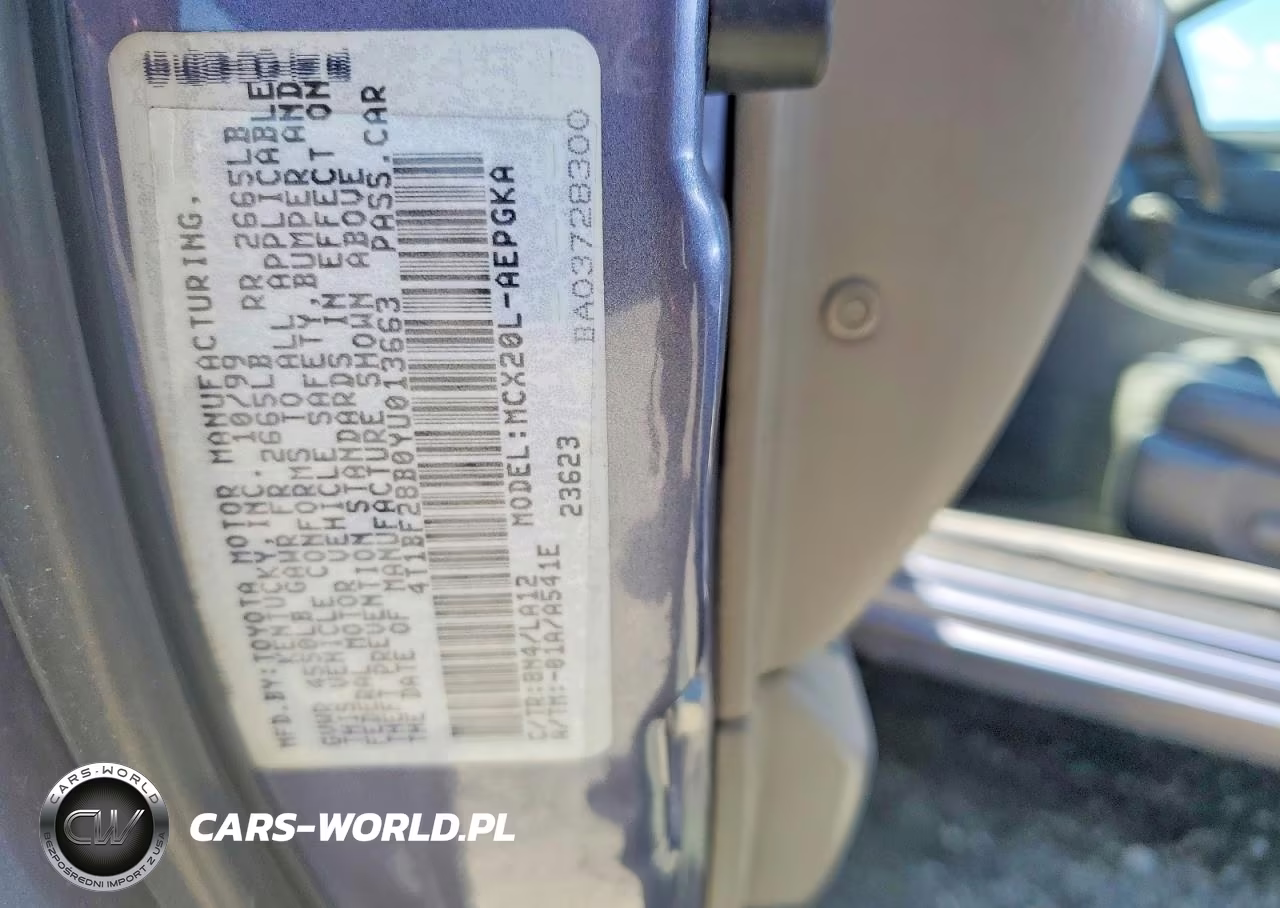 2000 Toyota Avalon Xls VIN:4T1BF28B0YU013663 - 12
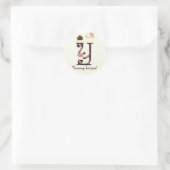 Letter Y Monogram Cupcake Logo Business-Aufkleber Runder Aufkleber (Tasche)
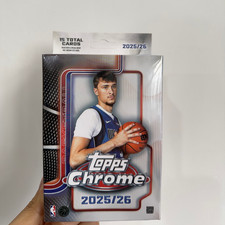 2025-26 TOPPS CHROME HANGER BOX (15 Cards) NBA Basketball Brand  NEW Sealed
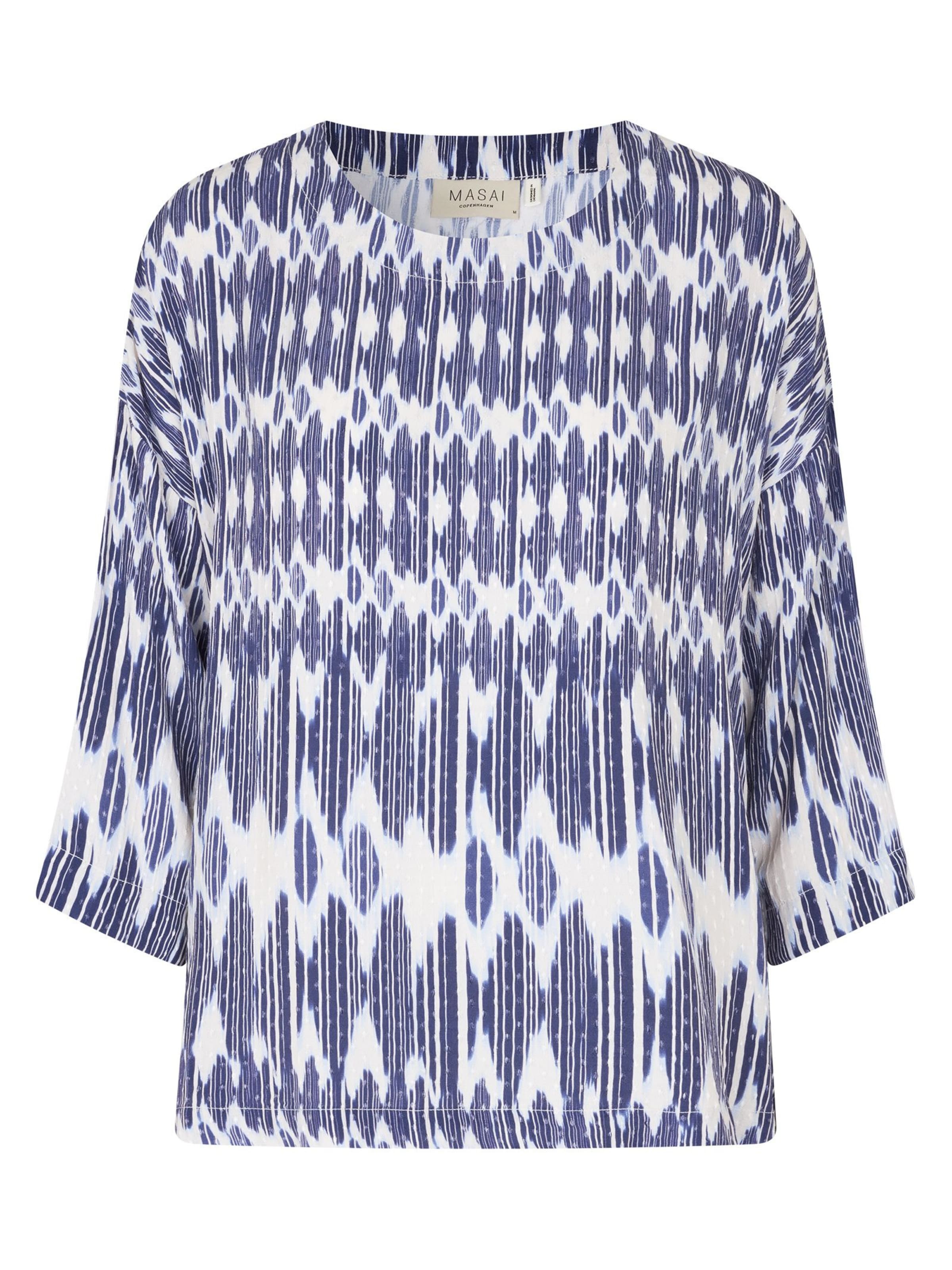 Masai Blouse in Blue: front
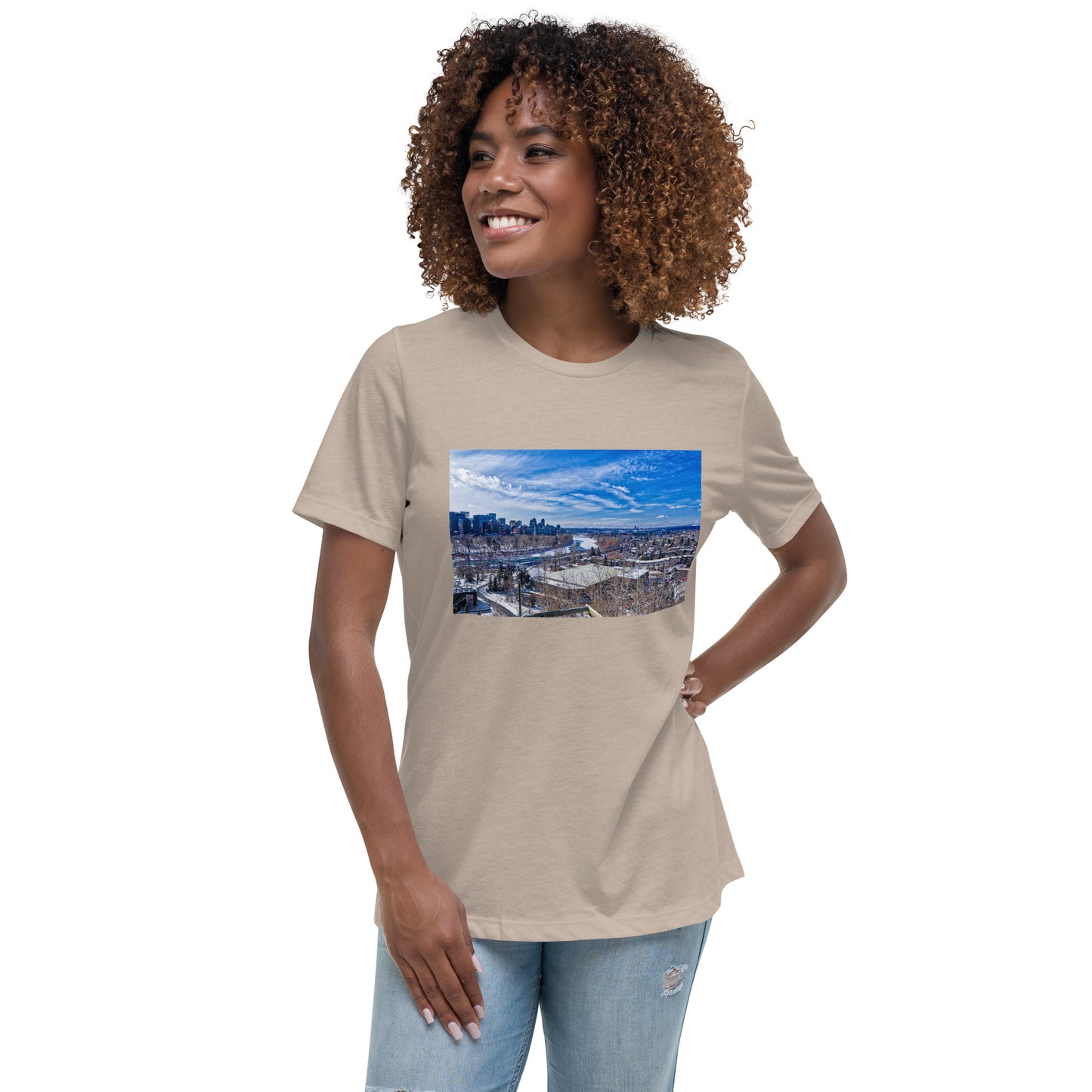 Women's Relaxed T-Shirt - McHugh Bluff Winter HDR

....

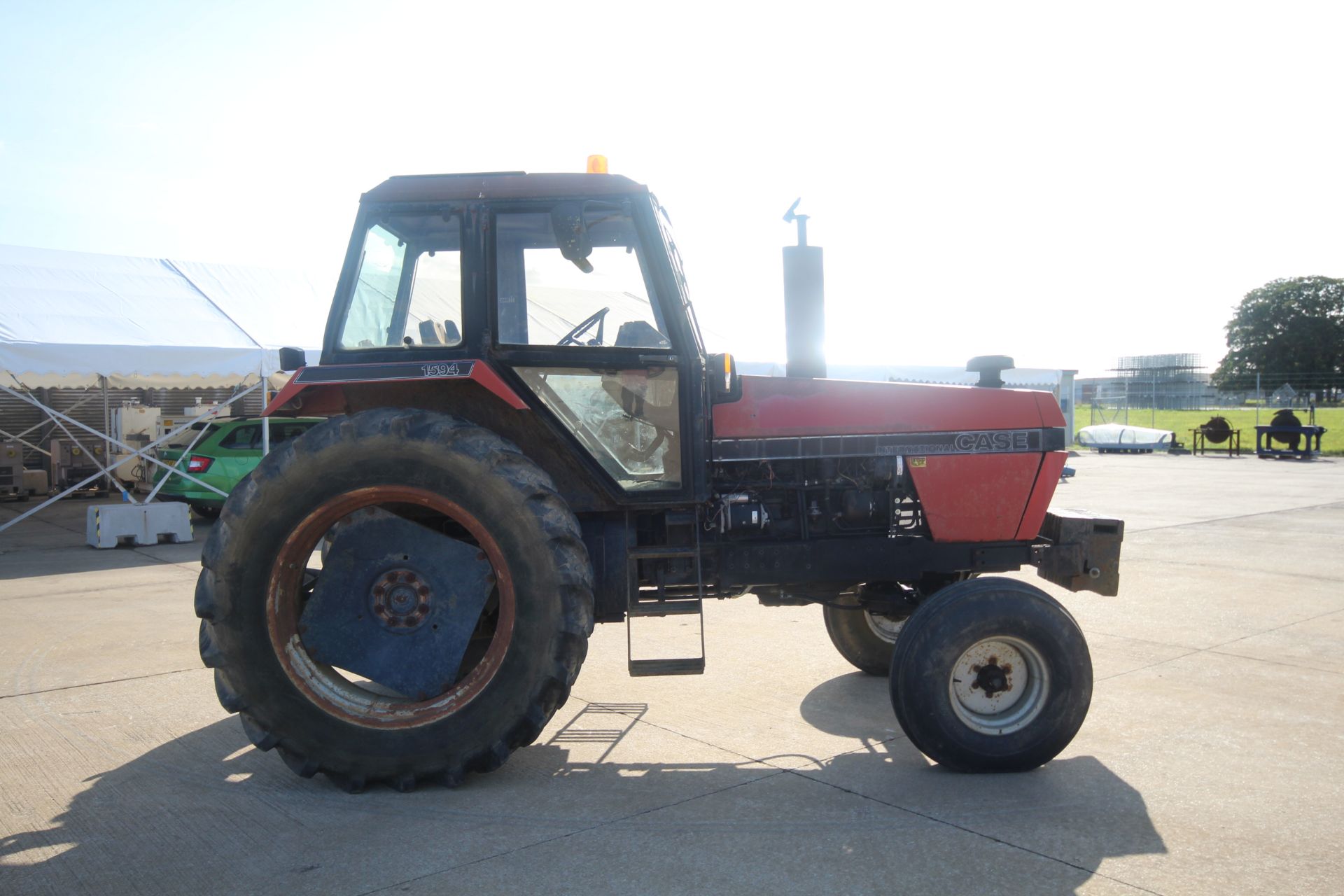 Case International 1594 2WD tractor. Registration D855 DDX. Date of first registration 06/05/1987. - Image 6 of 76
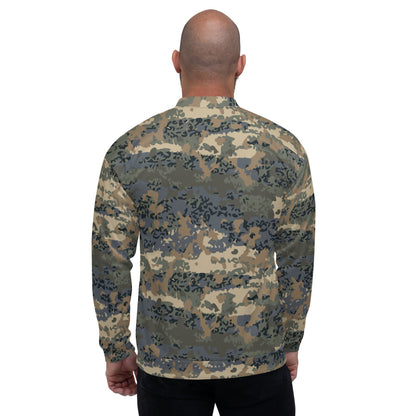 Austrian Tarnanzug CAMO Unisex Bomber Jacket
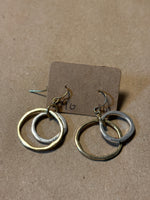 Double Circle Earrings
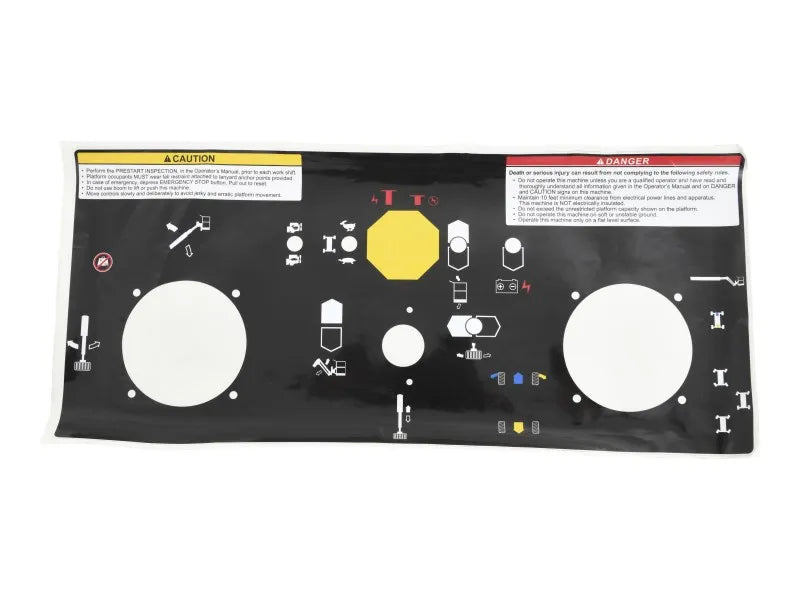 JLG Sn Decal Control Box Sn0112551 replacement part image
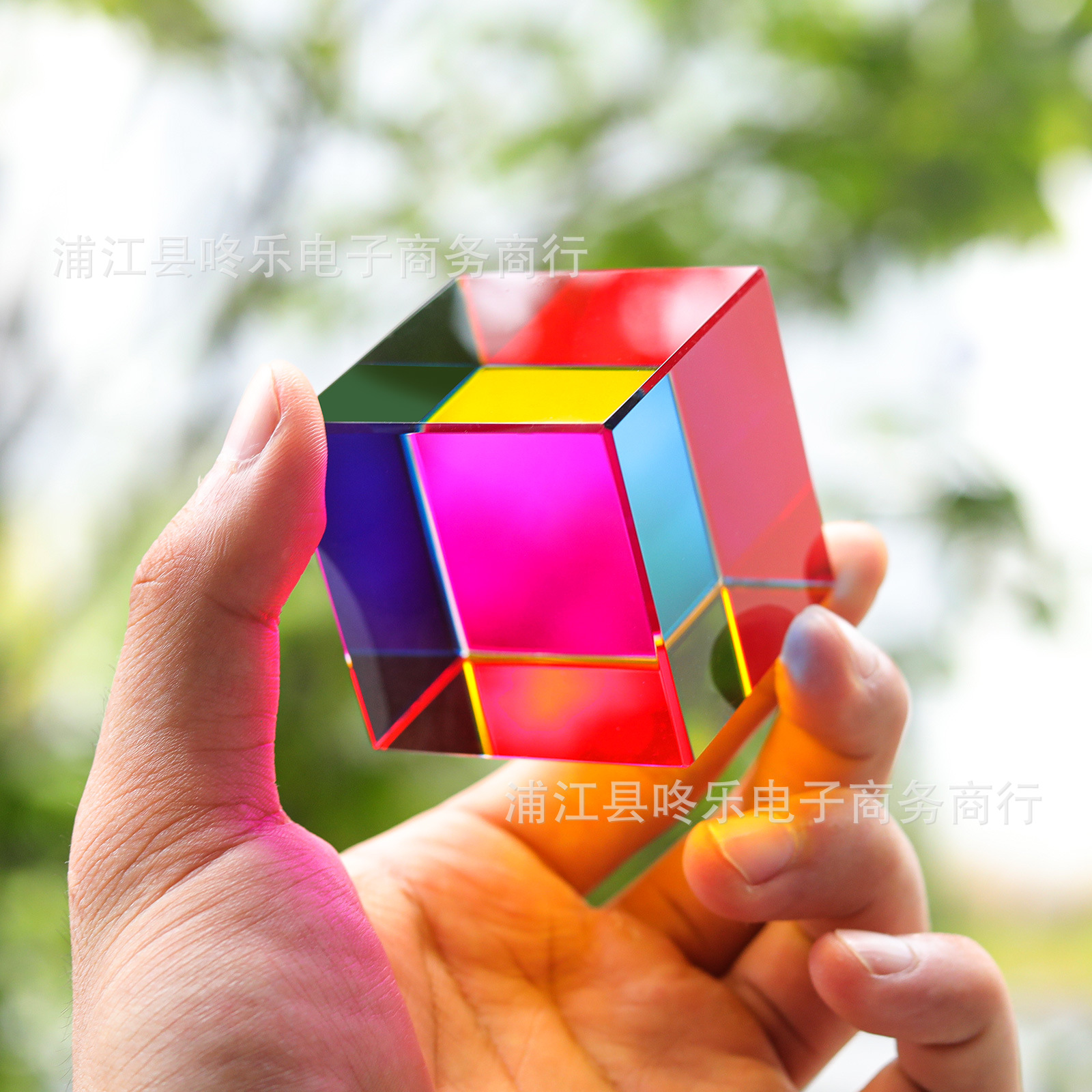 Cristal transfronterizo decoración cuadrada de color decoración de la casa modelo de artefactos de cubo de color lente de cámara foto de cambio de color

....

THE TASK ::
The answer is those lines of the material above that run from the one containing "Double Circle Earrings" up to and including the one containing "Cristal transfronterizo decoración", restated exactly and without images.

RESULT FOR THIS EXERCISE ::
 Double Circle Earrings
 JLG Sn Decal Control Box Sn0112551 replacement part image
 Cristal transfronterizo decoración cuadrada de color decoración de la casa modelo de artefactos de cubo de color lente de cámara foto de cambio de color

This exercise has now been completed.